# WORK TO BE COMPLETED
For each line below, return an exact copy.

Records from a data source:
[Start of section]

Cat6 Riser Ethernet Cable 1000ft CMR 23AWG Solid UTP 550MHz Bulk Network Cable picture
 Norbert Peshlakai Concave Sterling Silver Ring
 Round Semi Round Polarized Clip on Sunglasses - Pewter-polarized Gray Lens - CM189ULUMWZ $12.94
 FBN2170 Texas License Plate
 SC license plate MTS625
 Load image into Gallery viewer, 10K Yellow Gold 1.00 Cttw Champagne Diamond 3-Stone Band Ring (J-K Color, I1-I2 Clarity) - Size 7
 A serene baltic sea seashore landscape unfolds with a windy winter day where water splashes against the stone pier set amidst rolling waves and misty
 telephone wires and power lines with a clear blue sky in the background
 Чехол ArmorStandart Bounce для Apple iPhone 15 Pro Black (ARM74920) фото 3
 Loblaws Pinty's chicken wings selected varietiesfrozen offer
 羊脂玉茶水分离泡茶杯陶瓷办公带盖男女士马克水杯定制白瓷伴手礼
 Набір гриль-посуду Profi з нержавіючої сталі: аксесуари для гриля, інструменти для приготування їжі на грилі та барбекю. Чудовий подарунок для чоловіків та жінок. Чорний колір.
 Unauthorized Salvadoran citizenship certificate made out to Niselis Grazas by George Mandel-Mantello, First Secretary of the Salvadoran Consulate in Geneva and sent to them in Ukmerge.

[End of section]

# WRITTEN ANSWER
Cat6 Riser Ethernet Cable 1000ft CMR 23AWG Solid UTP 550MHz Bulk Network Cable picture
 Norbert Peshlakai Concave Sterling Silver Ring
 Round Semi Round Polarized Clip on Sunglasses - Pewter-polarized Gray Lens - CM189ULUMWZ $12.94
 FBN2170 Texas License Plate
 SC license plate MTS625
 Load image into Gallery viewer, 10K Yellow Gold 1.00 Cttw Champagne Diamond 3-Stone Band Ring (J-K Color, I1-I2 Clarity) - Size 7
 A serene baltic sea seashore landscape unfolds with a windy winter day where water splashes against the stone pier set amidst rolling waves and misty
 telephone wires and power lines with a clear blue sky in the background
 Чехол ArmorStandart Bounce для Apple iPhone 15 Pro Black (ARM74920) фото 3
 Loblaws Pinty's chicken wings selected varietiesfrozen offer
 羊脂玉茶水分离泡茶杯陶瓷办公带盖男女士马克水杯定制白瓷伴手礼
 Набір гриль-посуду Profi з нержавіючої сталі: аксесуари для гриля, інструменти для приготування їжі на грилі та барбекю. Чудовий подарунок для чоловіків та жінок. Чорний колір.
 Unauthorized Salvadoran citizenship certificate made out to Niselis Grazas by George Mandel-Mantello, First Secretary of the Salvadoran Consulate in Geneva and sent to them in Ukmerge.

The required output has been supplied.